Brute Force Solution O(n^2 x k):

import java.util.HashSet;

public class LongestSubstringKDistinct {
    public static int longestSubstringWithKDistinct(String s, int k) {
        if (k == 0 || s == null || s.isEmpty()) {
            return 0;
        }

        int maxLength = 0;
        for (int i = 0; i < s.length(); i++) {
            for (int j = i + 1; j <= s.length(); j++) {
                String substring = s.substring(i, j);
                if (countDistinctCharacters(substring) <= k) {
                    maxLength = Math.max(maxLength, substring.length());
                }
            }
        }
        return maxLength;
    }

    private static int countDistinctCharacters(String s) {
        HashSet<Character> distinctChars = new HashSet<>();
        for (char c : s.toCharArray()) {
            distinctChars.add(c);
        }
        return distinctChars.size();
    }

    public static void main(String[] args) {
        System.out.println(longestSubstringWithKDistinct("abcba", 2)); // Output: 3
    }
}

Optimized Sliding Window Solution O(n×k):

A more efficient approach uses the sliding window technique:

• Maintain a dictionary to track the last occurrence index of each character within the window.
• Expand the window by adding characters to the dictionary.
• If the size of the dictionary exceeds k, shrink the window by removing the least recently used character (based on the smallest index).
• Update the maximum length of the substring at each step.

import java.util.HashMap;

public class LongestSubstringKDistinct {
    public static int longestSubstringWithKDistinct(String s, int k) {
        if (k == 0 || s == null || s.isEmpty()) {
            return 0;
        }

        HashMap<Character, Integer> lastSeen = new HashMap<>();
        int maxLength = 0;
        int left = 0;

        for (int right = 0; right < s.length(); right++) {
            char currentChar = s.charAt(right);
            lastSeen.put(currentChar, right);

            // If the window size exceeds k, shrink it
            if (lastSeen.size() > k) {
                int leftMostIndex = Integer.MAX_VALUE;
                char charToRemove = '\0';

                for (char c : lastSeen.keySet()) {
                    if (lastSeen.get(c) < leftMostIndex) {
                        leftMostIndex = lastSeen.get(c);
                        charToRemove = c;
                    }
                }

                lastSeen.remove(charToRemove);
                left = leftMostIndex + 1;
            }

            // Update maximum length
            maxLength = Math.max(maxLength, right - left + 1);
        }

        return maxLength;
    }

    public static void main(String[] args) {
        System.out.println(longestSubstringWithKDistinct("abcba", 2)); // Output: 3
    }
}

Explanation of Sliding Window:

1. Tracking Characters:
   • Use a HashMap to track the last occurrence index of each character in the current window.
2. Expanding Window:
   • As you iterate through the string, add the current character to the map and update its index.
3. Shrinking Window:
   • If the size of the map exceeds k, identify the character with the smallest index (the least recently used character) and remove it.
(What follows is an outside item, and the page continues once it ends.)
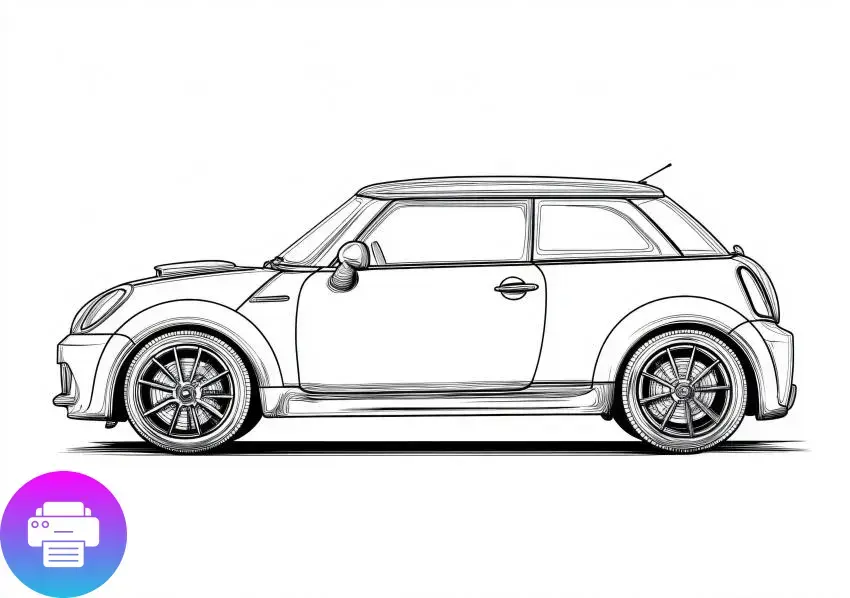 Раскраска автомобиля Mini Cooper в профиль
Adjust the left pointer of the window accordingly.
4. Updating Result:
   • After each step, calculate the length of the current window and update the maximum length.

Complexity:

• Time Complexity:
  • O(n×k), where n is the length of the string and k is the number of distinct characters (due to the HashMap operations).
• Space Complexity:
  • O(k), as the HashMap stores up to k characters.

This approach is efficient and works well for large strings with a reasonable value of k.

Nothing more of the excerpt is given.